De modo geral, o movimento foi de preços mistos, sem direção clara. O analista de Safras & Mercado, Rafael Silveira, destaca que o produtor segue fora do mercado, assim como as tradings, o que limita a liquidez. “O quadro da semana, como um todo, foi de poucos movimentos”, resume.

Em Passo Fundo (RS), a saca de 60 quilos recuou de R$ 125,00 para R$ 124,00 na semana. Em Cascavel (PR), a cotação baixou de R$ 120,00 para R$ 119,00. Em Rondonópolis (MT), o preço caiu de R$ 110,00 para R$ 107,00. No Porto de Paranaguá, a saca passou de R$ 131,00 para R$ 130,00.

Na Bolsa de Mercadorias de Chicago (CBOT), os contratos com vencimento em maio acumularam desvalorização de 4,55%, encerrando a semana a US$ 11,69 1/2 por bushel. Após atingir na semana passada o maior patamar em dois anos, o mercado iniciou a semana no limite diário de baixa, sessão responsável pela queda semanal.

O motivo da queda foi a decisão do presidente dos Estados Unidos, Donald Trump, de adiar seu esperado encontro com o presidente chinês Xi Jinping. A reunião estava prevista para o final de março, mas as últimas informações é de que o encontro ficará para um período daqui 30 a 45 dias.

Por conta do conflito no Oriente Médio, Trump decidiu postergar o encontro.
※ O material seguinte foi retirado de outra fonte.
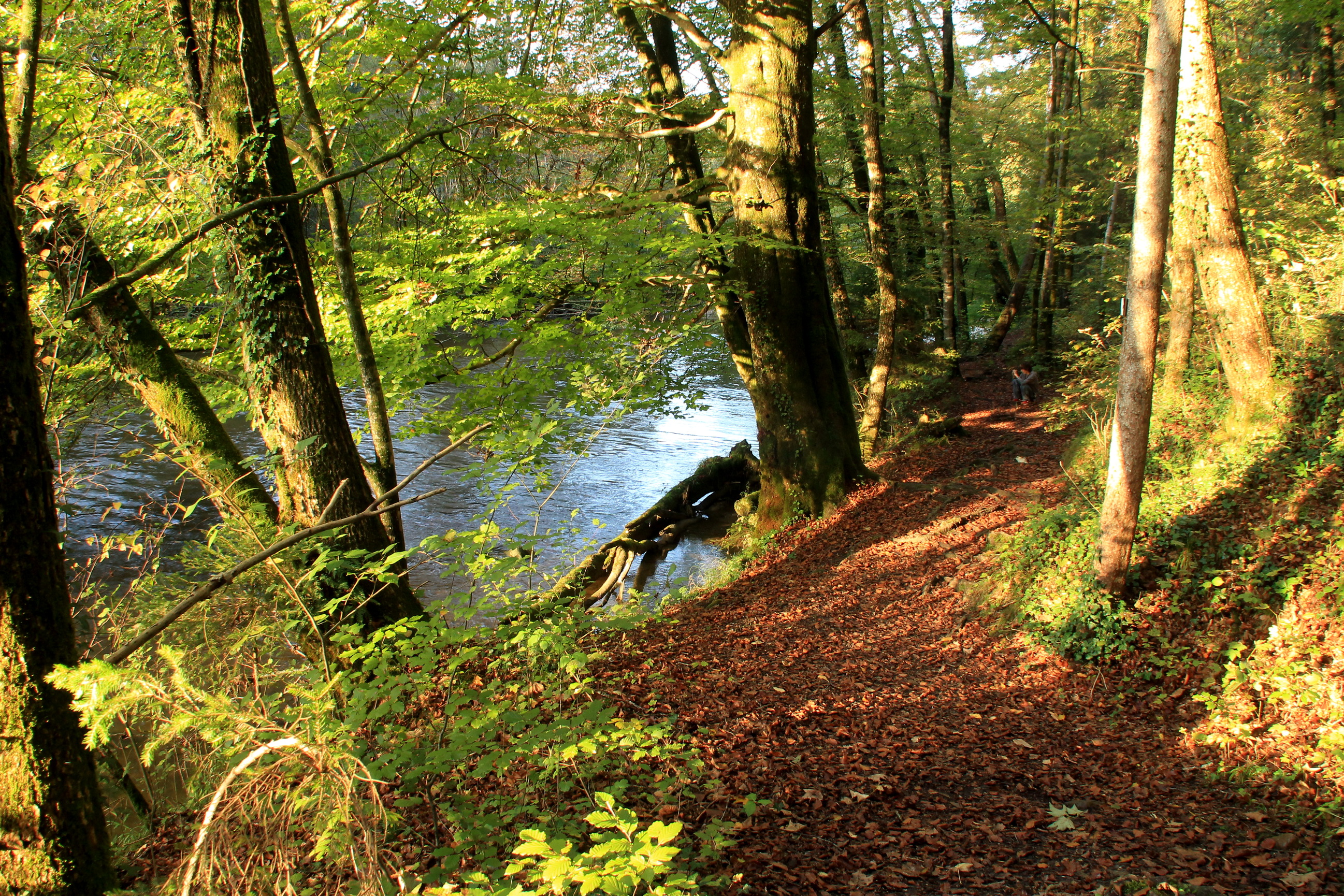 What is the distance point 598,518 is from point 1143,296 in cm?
533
O atraso no encontro significa também adiamento de um possível acordo comercial. O mercado vive a expectativa de um acerto de compra de soja americana por parte dos chineses.

A semana também não foi das melhores em termos de câmbio. No balanço, o dólar comercial recuou 1,47%, sendo cotado na manhã da sexta a R$ 5,2387. O recuo tira competitividade da soja brasileira.